Maybe he's not ghettoizing his work, but his website splits his books between "fiction" and "science fiction". How many other writers add a middle initial to distinguish genre writing?

He's the only one I know who does it. It seemed kinda edgy and cool 20 years ago when he did it first. The Wasp Factory was treated as serious litrachure in the UK when it came out. He may have wanted to clearly distinguish the SF for the Sunday Times crowd. He doesn't make a big fuss about it, as far as I can tell, it just is what it is.

Banks trivia from wiki (I'd heard this before):

While a student at Stirling University, Banks appeared as an extra in the final battle scene of the film Monty Python and the Holy Grail, which was filmed at the nearby Doune Castle.


Volans - Feb 23, 2006 8:46:48 pm PST #9986 of 10002
move out and draw fire

So, I finished The Historian last night. It's SO not a short story. There's too much everything in it, other than sense-making.
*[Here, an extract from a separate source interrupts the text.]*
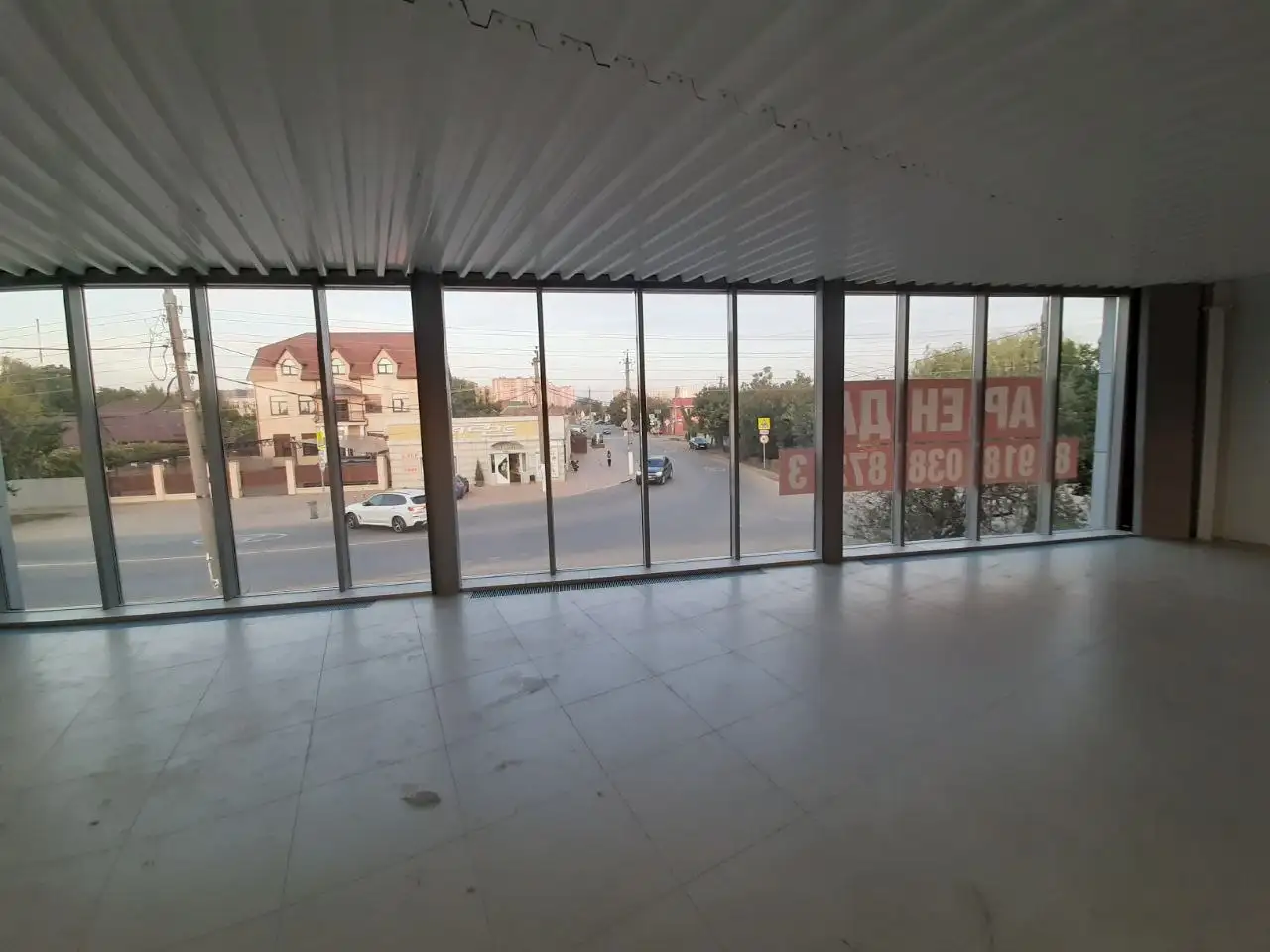 Продажа двухэтажного здания под коммерцию, 495 м², г. Краснодар - Коммерческая (Недвижимость) в Краснодар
Now, this book was aimed at me. There having been a couple books I've read, where it's like the author took everything stored in my brain, everything I've been exposed to or interested in, and used it to write a book. One was House of Leaves, and The Historian was certainly another. It's about Dracula, and historians, and the love of old books, and is set in the Balkans. I think there were two locales I haven't visited and explored myself, and one of them was probably made up. I should've either loved it or hated it.

In fact, I'm "eh" on it. There were some great ideas, and some great images, but the writing sucked the life out of them (sorry). It was often like reading a history dissertation, or the summary of someone's research.

And what's up with the big reveal? The inciting incident is the appearance of a mysterious book among a scholar's things, and we find that similar books have magically appeared to other people. Why and who left the book was the big mystery to me, not "Where in the World is Vlad Tepes?" and when it transpired that Drac left them because he wanted someone to catalogue his library I said "Lame!"

3 stars. Good for the Dracula completist.